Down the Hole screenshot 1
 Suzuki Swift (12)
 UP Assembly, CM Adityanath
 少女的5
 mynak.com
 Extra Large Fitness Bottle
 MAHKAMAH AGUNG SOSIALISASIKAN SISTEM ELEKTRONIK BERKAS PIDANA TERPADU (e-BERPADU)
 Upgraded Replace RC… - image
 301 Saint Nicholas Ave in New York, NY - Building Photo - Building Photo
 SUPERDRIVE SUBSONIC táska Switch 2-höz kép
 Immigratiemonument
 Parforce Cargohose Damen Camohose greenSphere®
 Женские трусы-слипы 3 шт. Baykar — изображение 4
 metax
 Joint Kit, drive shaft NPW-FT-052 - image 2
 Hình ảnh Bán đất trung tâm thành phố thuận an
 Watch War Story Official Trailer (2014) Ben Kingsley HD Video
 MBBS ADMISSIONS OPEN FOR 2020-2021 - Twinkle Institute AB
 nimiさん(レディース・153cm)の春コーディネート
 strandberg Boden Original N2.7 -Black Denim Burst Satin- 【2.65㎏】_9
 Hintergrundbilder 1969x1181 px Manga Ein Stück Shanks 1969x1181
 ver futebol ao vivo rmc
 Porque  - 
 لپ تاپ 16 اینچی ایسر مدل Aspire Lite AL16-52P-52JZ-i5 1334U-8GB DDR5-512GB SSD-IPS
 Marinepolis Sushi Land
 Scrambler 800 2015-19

···

--- REQUIRED ACTION ---
Lines from the one that contains "UP Assembly, CM Adityanath" through the final line of the entries must be duplicated exactly, and no other lines.

--- WRITTEN ANSWER ---
 UP Assembly, CM Adityanath
 少女的5
 mynak.com
 Extra Large Fitness Bottle
 MAHKAMAH AGUNG SOSIALISASIKAN SISTEM ELEKTRONIK BERKAS PIDANA TERPADU (e-BERPADU)
 Upgraded Replace RC… - image
 301 Saint Nicholas Ave in New York, NY - Building Photo - Building Photo
 SUPERDRIVE SUBSONIC táska Switch 2-höz kép
 Immigratiemonument
 Parforce Cargohose Damen Camohose greenSphere®
 Женские трусы-слипы 3 шт. Baykar — изображение 4
 metax
 Joint Kit, drive shaft NPW-FT-052 - image 2
 Hình ảnh Bán đất trung tâm thành phố thuận an
 Watch War Story Official Trailer (2014) Ben Kingsley HD Video
 MBBS ADMISSIONS OPEN FOR 2020-2021 - Twinkle Institute AB
 nimiさん(レディース・153cm)の春コーディネート
 strandberg Boden Original N2.7 -Black Denim Burst Satin- 【2.65㎏】_9
 Hintergrundbilder 1969x1181 px Manga Ein Stück Shanks 1969x1181
 ver futebol ao vivo rmc
 Porque  - 
 لپ تاپ 16 اینچی ایسر مدل Aspire Lite AL16-52P-52JZ-i5 1334U-8GB DDR5-512GB SSD-IPS
 Marinepolis Sushi Land
 Scrambler 800 2015-19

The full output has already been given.